Secara terminologi menurut sebagian orang, agama merupakan sebuah fenomena yang
sulit didefinisikan. WC Smith mengatakan, "Tidak berlebihan jika kita
katakan bahwa hingga saat ini belum ada definisi agama yang benar dan dapat
diterima". Meski demikian, para cendekiawan besar dunia memiliki definisi,
atau yang lebih tepatnya kita sebut dengan kesimpulan mereka tentang fenomena
agama. Beberapa di antaranya adalah sebagai berikut. Emile Durkheim
mengartikan, agama sebagai suatu kesatuan sistem kepercayaan dan pengalaman
terhadap suatu yang sakral, kemudian kepercayaan dan pengalaman tersebut
menyatu ke dalam suatu komunitas moral. Karl Mark berpendapat bahwa agama
adalah keluh kesah dari makhluk yang tertekan hati dari dunia yang tidak
berhati, jiwa dari keadaan yang tidak berjiwa, bahkan menurut pendapatnya pula
bahwa agama dijadikan sebagai candu bagi masyarakat. Spencer mengatakan bahwa
agama adalah kepercayaan akan sesuatu yang Maha mutlak. Dewey menyebutkan agama
sebagai pencarian manusia akan cita-cita umum dan abadi meskipun dihadapkan
pada tantangan yang dapat mengancam jiwanya, agama adalah pengenalan manusia
terhadap kekuatan gaib yang hebat. Sebagian pemikir mengatakan bahwa apa saja
yang memiliki tiga ciri khas di bawah ini dapat disebut sebagai agama: (1).
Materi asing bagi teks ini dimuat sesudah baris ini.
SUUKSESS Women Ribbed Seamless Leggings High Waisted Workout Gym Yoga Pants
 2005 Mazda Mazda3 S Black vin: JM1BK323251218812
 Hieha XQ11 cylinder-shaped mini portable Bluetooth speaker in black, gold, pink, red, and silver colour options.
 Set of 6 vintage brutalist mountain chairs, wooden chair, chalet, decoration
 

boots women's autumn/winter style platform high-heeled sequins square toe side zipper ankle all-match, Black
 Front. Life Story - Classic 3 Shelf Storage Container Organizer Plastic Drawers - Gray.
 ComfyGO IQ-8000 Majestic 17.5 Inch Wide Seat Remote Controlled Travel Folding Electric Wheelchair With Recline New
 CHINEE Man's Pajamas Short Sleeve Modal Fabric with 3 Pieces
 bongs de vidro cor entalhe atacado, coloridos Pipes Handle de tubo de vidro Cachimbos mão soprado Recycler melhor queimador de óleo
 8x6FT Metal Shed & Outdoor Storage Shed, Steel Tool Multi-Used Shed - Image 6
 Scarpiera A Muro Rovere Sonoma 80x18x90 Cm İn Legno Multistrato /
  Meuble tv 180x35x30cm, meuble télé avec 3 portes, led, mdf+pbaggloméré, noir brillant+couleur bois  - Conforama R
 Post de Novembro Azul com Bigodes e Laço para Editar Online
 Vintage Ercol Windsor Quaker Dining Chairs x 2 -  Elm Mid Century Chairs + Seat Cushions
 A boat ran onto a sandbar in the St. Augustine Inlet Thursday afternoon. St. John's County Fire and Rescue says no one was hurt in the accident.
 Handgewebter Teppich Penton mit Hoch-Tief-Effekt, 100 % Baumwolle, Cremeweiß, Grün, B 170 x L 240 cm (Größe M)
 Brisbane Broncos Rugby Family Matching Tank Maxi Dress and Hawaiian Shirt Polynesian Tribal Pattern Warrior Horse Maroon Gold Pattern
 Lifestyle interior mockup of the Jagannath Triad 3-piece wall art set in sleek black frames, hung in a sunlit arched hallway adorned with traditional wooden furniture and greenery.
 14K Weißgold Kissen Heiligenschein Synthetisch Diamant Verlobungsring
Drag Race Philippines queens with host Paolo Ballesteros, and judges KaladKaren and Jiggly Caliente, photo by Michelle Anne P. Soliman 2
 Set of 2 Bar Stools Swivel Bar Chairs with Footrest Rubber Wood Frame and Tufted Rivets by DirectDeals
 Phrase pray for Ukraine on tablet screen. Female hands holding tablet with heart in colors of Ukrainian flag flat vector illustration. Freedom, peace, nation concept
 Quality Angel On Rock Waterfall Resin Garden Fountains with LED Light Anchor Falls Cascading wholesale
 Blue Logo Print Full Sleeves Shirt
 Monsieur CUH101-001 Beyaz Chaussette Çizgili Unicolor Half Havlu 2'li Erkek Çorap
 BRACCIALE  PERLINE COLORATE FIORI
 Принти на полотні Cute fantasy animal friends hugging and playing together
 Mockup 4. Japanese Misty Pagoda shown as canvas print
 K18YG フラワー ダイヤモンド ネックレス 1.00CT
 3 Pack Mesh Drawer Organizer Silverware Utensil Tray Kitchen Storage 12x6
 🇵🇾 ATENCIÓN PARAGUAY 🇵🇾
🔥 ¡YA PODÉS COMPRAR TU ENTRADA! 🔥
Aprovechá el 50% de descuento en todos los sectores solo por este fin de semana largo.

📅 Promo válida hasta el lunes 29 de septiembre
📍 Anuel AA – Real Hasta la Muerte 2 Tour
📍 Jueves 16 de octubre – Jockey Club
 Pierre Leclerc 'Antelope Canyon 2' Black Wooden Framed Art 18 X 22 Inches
Keyakinan bahwa di balik alam materi ini ada alam yang lain (2). Penciptaan
alam memiliki tujuan (3). Alam memiliki konsep etika. Pada semua definisi
tersebut di atas, ada satu hal yang menjadi kesepakatan semua, yaitu
kepercayaan akan adanya sesuatu yang agung di luar alam. Namun, lepas dari
semua definisi yang ada di atas maupun definisi lain yang dikemukakan oleh para
pemikir dunia lainnya, kita meyakini bahwa agama adalah kepercayaan akan adanya
Tuhan yang menurunkan wahyu kepada para nabi-Nya untuk umat manusia demi
kebahagiaannya di dunia dan akhirat. Dari sini, kita bisa menyatakan bahwa
agama memiliki tiga bagian yang tidak terpisah, yaitu akidah (kepercayaan hati),
syari'at (perintah-perintah dan larangan Tuhan) dan akhlak (konsep untuk
meningkatkan sisi rohani manusia untuk dekat kepada-Nya). Meskipun demikian,
tidak bisa kita pungkiri bahwa asas terpenting dari sebuah agama adalah
keyakinan akan adanya Tuhan yang harus disembah.